SL: About 5 of us walk arm and arm through the city street singing Rhythm of the Night by DeBarge. Celebratory and happy. W is in the middle and I’m on the end. I look over at him lovingly. He is singing on and off.

--

I travel to meet W at the train station in Berlin. I get there and see him from afar standing at S’s bookstand. I remember that S has a bookstore, not just a bookstand. They are chatting. I just observe for a moment, and then I do something I don’t remember (change my jacket? put on makeup? something that requires opening my cross-body bag). Then I walk towards W and wave to S, who is giving me a strange and serious look. W and I kiss and hug happily. It feels so joyful and warm.

--

I am eating a chocolate cake on the floor with my friend in her room. A guy (her brother? a brotherly type) is throwing a ball around the hallway. It feels hostile and aggressive. He throws it in our room and I see that it is a tiny toy bomb, it will blow up. Feels dangerous and fucked up, he is menacing us. It’s fluorescent green and the size of my hand. I pick it up and throw it back out in the hallway towards him.

JS confinement day 40?

We’re in a large field, the light is breathy and damp and everything is very green, in a very English way, there are two large oaks hanging over the top of the field. It looks like the sprawling grounds of one of the private schools we would occasionally get shipped off to for our cruddy state school to play netball with them. I would get upset with my friends who’d lose their shit over being given sandwiches after a match or having proper changing rooms to get dressed in. They’re not better than us, I said to L, yeah but their school is, she responded.

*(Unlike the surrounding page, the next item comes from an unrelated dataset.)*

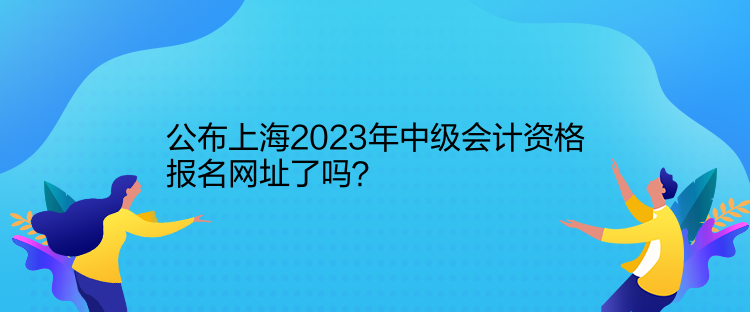 公布上海2023年中級會計(jì)資格報(bào)名網(wǎng)址了嗎？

My grandma emerges (except its not really my grandma, it’s some kind of fictionalised version of her) from a large stately home, again, this could be the boarding school, but in the dream, it is our home, or her home. She asks me to prepare dinner and I’m thrilled for having been asked. She tells me that my uncle has invited some friends, there will be 24 of us she says. I keep trying to tell her I can’t cook for 24 people, but I can only find the words in French, c’est un peu limite, I keep repeating. A colleague has arrived, he is wearing his Christmas jumper that a student gave him, it has Marx’s face on it and it reads, "all I want for Christmas is the means of production.” He’s standing next to a bbq under the oak tree holding up huge slabs of meat, what do you call this, côtes, in English? He’s asking me but I’ve forgotten how to speak so I just rub my belly in an over the top way.

I miss the dinner, busy in the kitchen constructing some huge architectural dessert, Eton mess or something, I’m shaping it like it’s on a pottery wheel, covering my hands in meringue and shaping it upwards.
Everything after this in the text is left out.